Each tile contains different terrain features like roads, fields and cities. When a player lays a tile down, it must connect similar features. For example, a road tile must match the adjacent road tile in terms of expanding the road.
After a tile has been laid, the player then has a choice of setting a "follower" on that tile. If a player chooses to do so, this follower claims that tile feature, or owns it. Features can be shared if two followers sit on tiles next to each other. After the last tile has been set on the gameboard, Carcassonne ends, and scores are tallied.
Almost everything in Carcassonne elicits points determined by how the followers are set. The only feature that doesn't get you points are fields. Roads that cannot be expanded also give you points whether they end or not. Players get the points of a feature if they have the most followers on that feature. If there is a tie, then both players get the full amount of points. Cloisters, which are groups of the same features that have followers, also score any adjacent tiles.
Points are given out as follows:
- Cities are one point per tile and one point per pennant if there are just two tiles. For each tile in addition to the original two, you get two points per tile and two points per pennant.
- Each road is worth one point for each tile.
- Cloisters get you one point for the original tile and one point for each tile around it (to a maximum of eight).
- Fields are worth nothing during the game. However when the game ends, fields get a player three points for each finished city adjacent to the field. So with a field and city, it's possible to rack up points in one little section of the gameboard.
In the beginning of the game a player gets seven followers. Saving them for the right time in placement is a key strategy in the game. Most players wait until a nice cluster of possible points clusters on the board before setting down a meeple. It's hard to say how the board will play out early in the game, so that is why many players wait a few turns before placing their followers.
Another good strategy is to join cloisters or features that contain one of your followers.
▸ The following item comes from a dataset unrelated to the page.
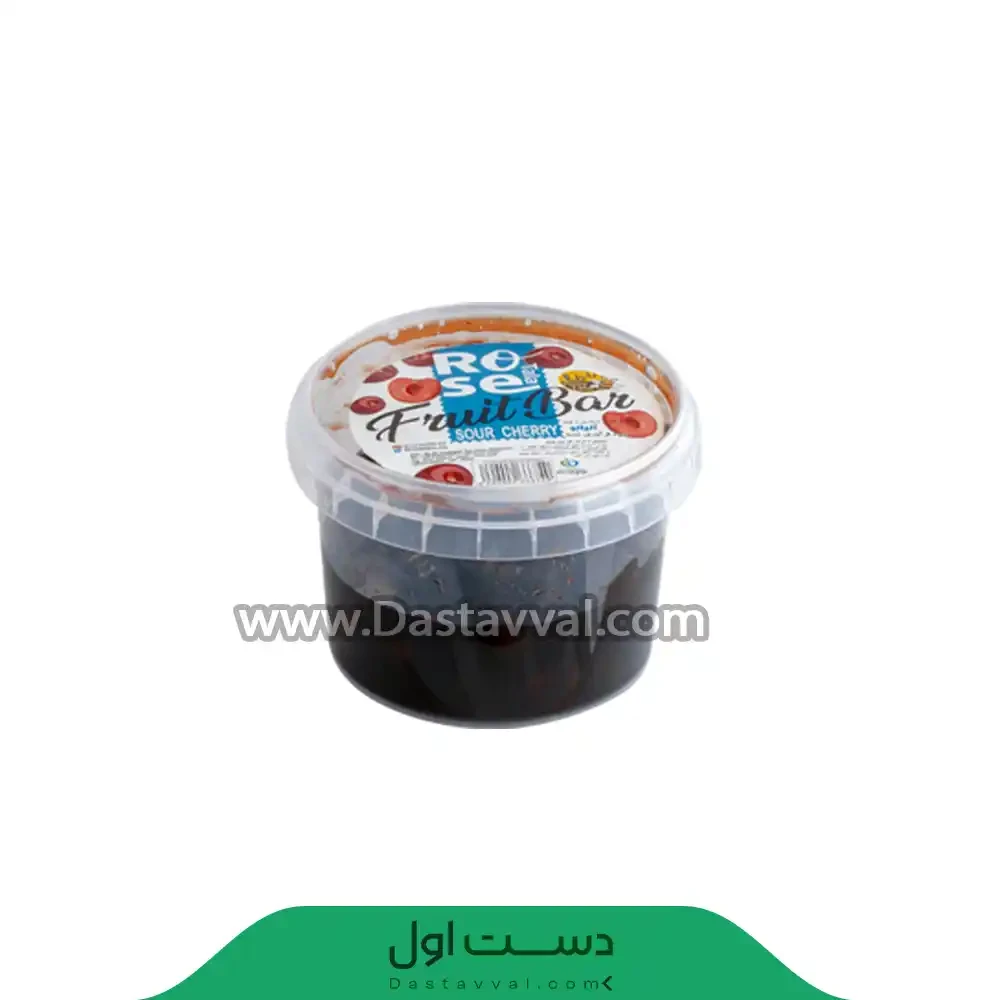 ترشک سطلی رزطلا وزن 250 گرم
If the board stays that way when the scoring occurs, then you will get your points and also any tile points placed from the connection. The fewer players you have, the easier it is to share.
This is frowned upon, but players often memorize the number of types of tiles that exist. That way when they get a particular feature that isn't useful for them, they can stop other players from finishing a high point earning section.
Carcassone has had many expansions in the years since its initial publication. Each expansion adds new tiles and strategies to the game. The largest and best-known expansions are:
- Inns & Cathedrals (2002) adds new tiles to increase the value of cities and roads, plus a large meeple that counts as two ordinary meeples.
- Traders & Builders (2003) adds new ways to score points and play extra tiles.
- The Princess & the Dragon (2005) adds a touch of fantasy, with a dragon figure and secret passages under the city.
- The Tower (2006) lets players build upwards to strengthen their power and influence.
- Abbey & Mayor (2007) introduces a variation on cloisters and special pieces that can only be played in cities.
- The Catapult (2008) adds a dexterity element in the form of a catapult that flings tiles at the board.
- Bridges Castles and Bazaars (2010) brings traveling peddlars and an auction mechanic into the game.
There have also been many "mini" expansions made available as promotional items in magazines.
Other Ways to Play
In addition to the expansions, there are several variant versions of the game:
- Carcassonne: Hunters and Gatherers (2002) is set in the Stone Age and has slightly different rules.
- Carcassonne: the Castle (2003) is a two-player version.
- New World: a Carcassonne Game (2008) is set in America, and asks players to start in the east and build westward.
- The Kids of Carcassone (2010) is a simplified version for younger players.
Exciting Game Play with Lots of Options
No matter which version you play, Carcassonne is a fun game that anyone can pick up in a matter of minutes. With the number of expansions and variants that are available, you are sure to enjoy it for years to come.